|Ph.D Student||Teneh Nimrod|
|Subject||Spin-Droplet State of an Interacting 2D Electron System|
|Department||Department of Physics||Supervisor||Professor Michael Reznikov|
|Full Thesis text|
Low-dimensional electron systems are of fundamental interest due to a wide range of fascinating phenomena featured by these systems, in addition to many possible applications in nano-electronics. However, some important properties of these systems remain beyond the reach of conventional methods due to small number of electrons.
Recently, a novel technique for measuring magnetic properties of such systems was developed in our group. This technique senses the charge induced in response to a change of external magnetic field. Its sensitivity compares favorably with that of the best available magnetic probes. It has the advantage of being naturally suited for measurements of two-dimensional systems, and it is capable of working in the wide range of magnetic fields.

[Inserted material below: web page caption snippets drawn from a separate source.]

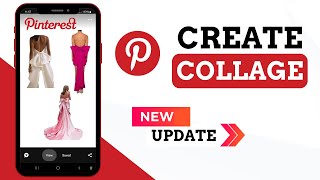 How to Create a Pinterest Collage  New Trend  New Update [upl. by Eitteb437]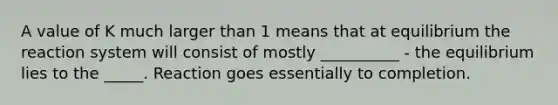 A value of K much larger than 1 means that at equilibrium the reaction system will consist of mostly __________ - the equilibrium lies to the _____. Reaction goes essentially to completion.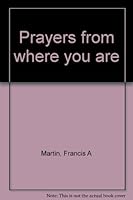 Prayers from where you are B0006CJ77O Book Cover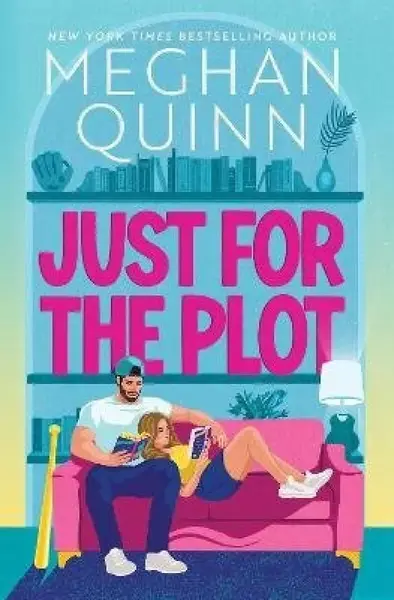 Just for the Plot - Meghan Quinn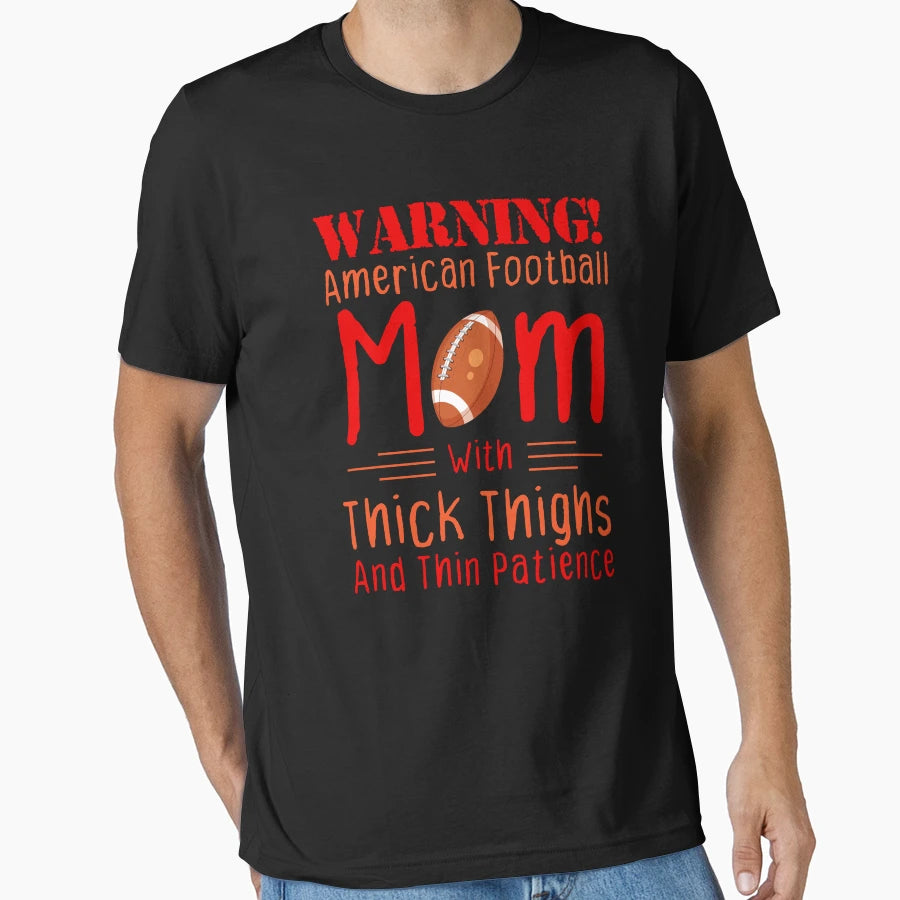 Warning I Am American Football Mom T-Shirt - Fun Novelty Design Unisex - T-Shirt, Sweatshirt, Hoodie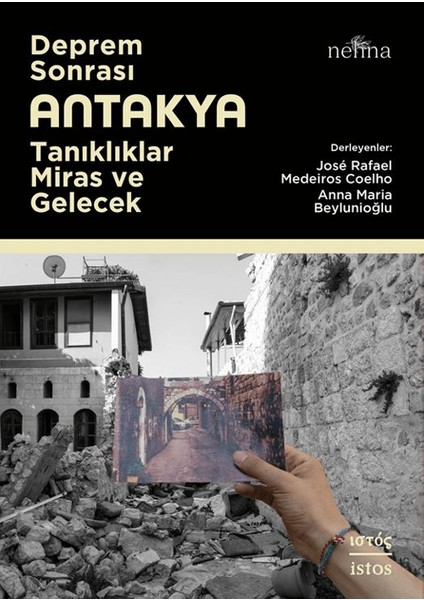 Deprem Sonrası Antakya / Tanıklıklar, Miras ve Gelecek
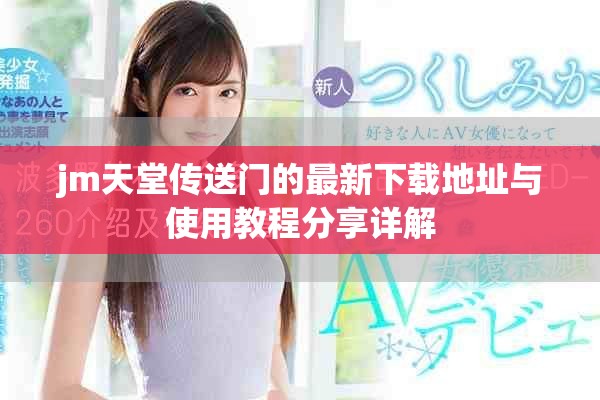 jm天堂傳送門的最新下載地址與使用教程分享詳解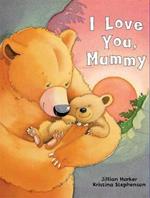 I Love You, Mummy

In this thesis we report thermodynamic magnetization measurements of two-dimensional electrons in several high mobility Silicon Metal-Oxide-Semiconductor Field-Effect Transistors and a single GaAs/AlGaAs Heterostructure Insulated Gate Field Effect Transistor. We provide evidence for an easily polarizable electron state in a wide density range from insulating to deep into the metallic phase. The temperature and magnetic field dependence of the magnetization of this state is consistent with formation of large-spin droplets in the insulating phase. Although these droplets melt in the metallic phase with increasing density and temperature, they survive up to relatively large densities, that is densities above the Metal Insulator Transition (MIT) critical density.